Sue did her best to encourage the friendly trio to go about the lock duties in an orderly fashion.
Sue "When coming in to the lock landing best practice is to use your centre rope"
Lady boater " Oh, someone else told us that" while she starts to use her windlass to let water out.
Sue "No, lets wait until your boat is actually in the lock with the gates closed before we raise the paddles!!"
The bow rope has been tied so tight the boat can't manoeuvre. |
Pulled in at Banbury for supplies, I also wanted to take my phone into the Three shop, recently I had initiated the phone lock with fingerprint recognition, this was a big mistake as the phone only recognises my smudge once in every five or six attempts. Very frustrating when you reach the tries limit and a message pops up wait another 30 seconds to try again. I'm better off without the hassle.

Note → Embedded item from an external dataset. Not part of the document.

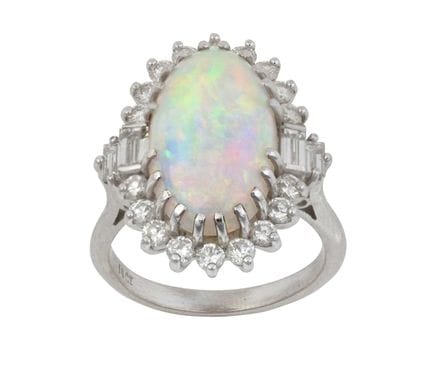 Anello con opale e diamanti a grappolo: l’opale ca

The chaps in the shop couldn't deactivate it either, suggested to do a factory reset. I'm not sure about that as I could end up loosing lots of info.
Back to the boat we set off for a three mile cruise to King Sutton, lift bridges are usually left in the up position on this canal, Haynes lift bridge was down, got Sue on the offside to lift it. The wind got up and pinned FL to the tow path, every time I pushed the bow out, the wind would push it back before I could reach the tiller, after 10 minutes of heaving with the boat pole I'd had enough, reversed the stern across the canal leaving the bow on the tow path stepped off with the centre rope and heaved the whole 17 tons across the canal.
The heavens opened and I got a proper soaking before we moored up below King Sutton lock.